• [ASSIGNMENT] Given the material below, output exactly the lines from the line with "Now you can" to the line with "The price of", both ends included, and no other lines.

• [GIVEN INFORMATION]
====

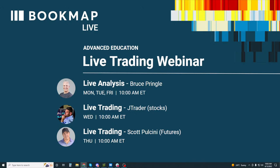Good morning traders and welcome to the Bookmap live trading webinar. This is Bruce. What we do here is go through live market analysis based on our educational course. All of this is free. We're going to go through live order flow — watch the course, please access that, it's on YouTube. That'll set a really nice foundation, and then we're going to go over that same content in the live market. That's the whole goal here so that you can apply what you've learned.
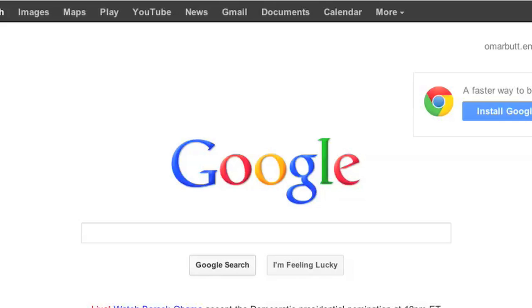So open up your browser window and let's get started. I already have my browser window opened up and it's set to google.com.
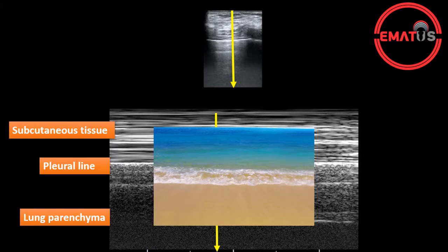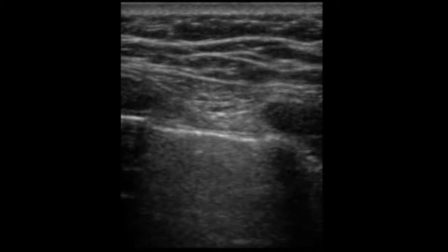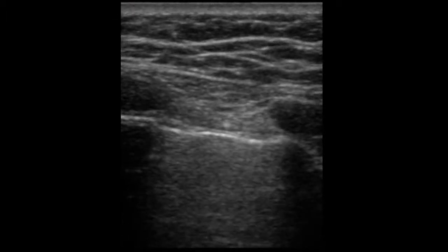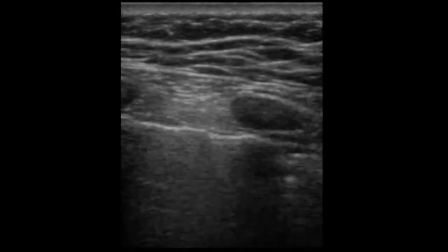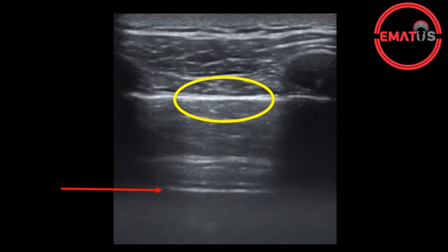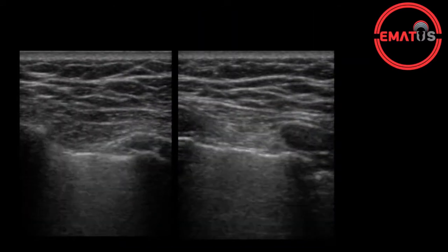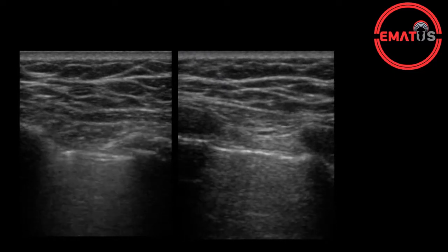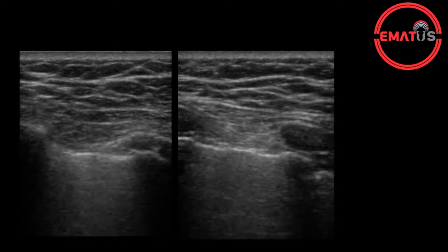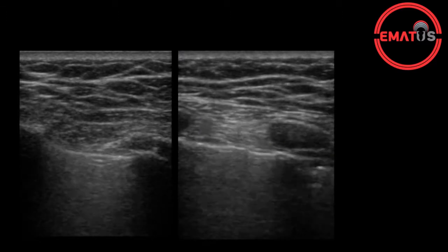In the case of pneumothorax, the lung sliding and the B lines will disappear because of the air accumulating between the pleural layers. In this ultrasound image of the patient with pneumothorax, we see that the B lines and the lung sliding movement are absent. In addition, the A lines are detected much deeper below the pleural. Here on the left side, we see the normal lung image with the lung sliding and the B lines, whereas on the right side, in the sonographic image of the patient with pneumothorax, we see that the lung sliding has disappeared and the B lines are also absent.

====

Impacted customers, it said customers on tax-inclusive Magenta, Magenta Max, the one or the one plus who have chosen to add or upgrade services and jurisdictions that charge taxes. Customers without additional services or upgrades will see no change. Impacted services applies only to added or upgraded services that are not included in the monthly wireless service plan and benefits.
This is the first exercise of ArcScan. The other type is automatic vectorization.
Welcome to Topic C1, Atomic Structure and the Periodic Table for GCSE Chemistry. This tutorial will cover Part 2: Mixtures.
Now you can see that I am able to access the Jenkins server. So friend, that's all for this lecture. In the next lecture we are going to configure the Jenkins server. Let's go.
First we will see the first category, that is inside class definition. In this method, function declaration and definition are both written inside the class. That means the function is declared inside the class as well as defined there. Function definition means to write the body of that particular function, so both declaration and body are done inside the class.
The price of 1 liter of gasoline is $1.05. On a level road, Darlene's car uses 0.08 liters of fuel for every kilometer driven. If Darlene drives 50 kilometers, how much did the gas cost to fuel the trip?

====

• [REPLY]
Now you can see that I am able to access the Jenkins server. So friend, that's all for this lecture. In the next lecture we are going to configure the Jenkins server. Let's go.
First we will see the first category, that is inside class definition. In this method, function declaration and definition are both written inside the class. That means the function is declared inside the class as well as defined there. Function definition means to write the body of that particular function, so both declaration and body are done inside the class.
The price of 1 liter of gasoline is $1.05. On a level road, Darlene's car uses 0.08 liters of fuel for every kilometer driven. If Darlene drives 50 kilometers, how much did the gas cost to fuel the trip?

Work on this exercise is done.